I voted for "I like mainstream, simple/tasteful fashion" and "I dislike any kind of fashion; clothes are purely functional for me." I think I fit somewhere in the middle. I don't particularly care for fashion, as I see it as unnecessary and a pain. I am very shy and I don't like drawing attention to myself, so I would rather wear plain things. However, if I do splurge, I'll spend money on simple, tasteful things that will last me a while (rather than the newest thing this season.) I couldn't care less about being up to date with trends.


----------



## SingingBird (May 2, 2011)

I don't much care for fashion. Give me jeans and a tee-shirt and I'm good!


----------



## Nomenclature (Aug 9, 2009)

I sew some of my clothes just for the hell of it-- too often, I know EXACTLY what I want and can't find it in my size, can't find it for a decent price, or can't find it at all. Why spend $60 on something I could easily make myself for $15 with so much more customization involved?

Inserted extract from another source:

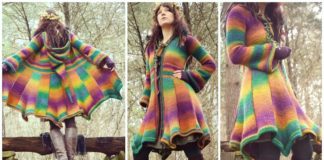 Rainbow Elf Coat Tunisian Crochet Free Pattern - Women #Coat; Sweater Free #Crochet; Patterns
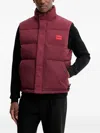 Hugo Boss Padded Logo-patch Gilet In Purple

It's art that everyone around me can and will see on a daily basis... an exhibition of a piece of myself every day, and hell, I really don't mind the stares.


----------



## quietfever (Aug 6, 2011)

I LOVE fashion. But I'm into my *own* fashion, not into the current styles.


----------



## ayu (May 20, 2010)

For me, fashions are simple and comfortable clothes.


----------



## kittychris07 (Jun 15, 2010)

I'm an ISFJ, and I like mainstream fashion. Though sometimes I don't care and view clothes as fully functional, so both apply.


----------



## LQ9 (Jul 24, 2010)

I have a love-hate relationship with fashion.
I do not like the "fashion world." I think it's shallow and pointless. I do not like trends.
And yet... I can't help it. I really like clothes. I put a lot of care into choosing what I wear. I want my clothes to reflect the way I want to be seen.

Bah, I'll just go naked.


----------



## mushr00m (May 23, 2011)

I so wish I knew how to make clothes.


----------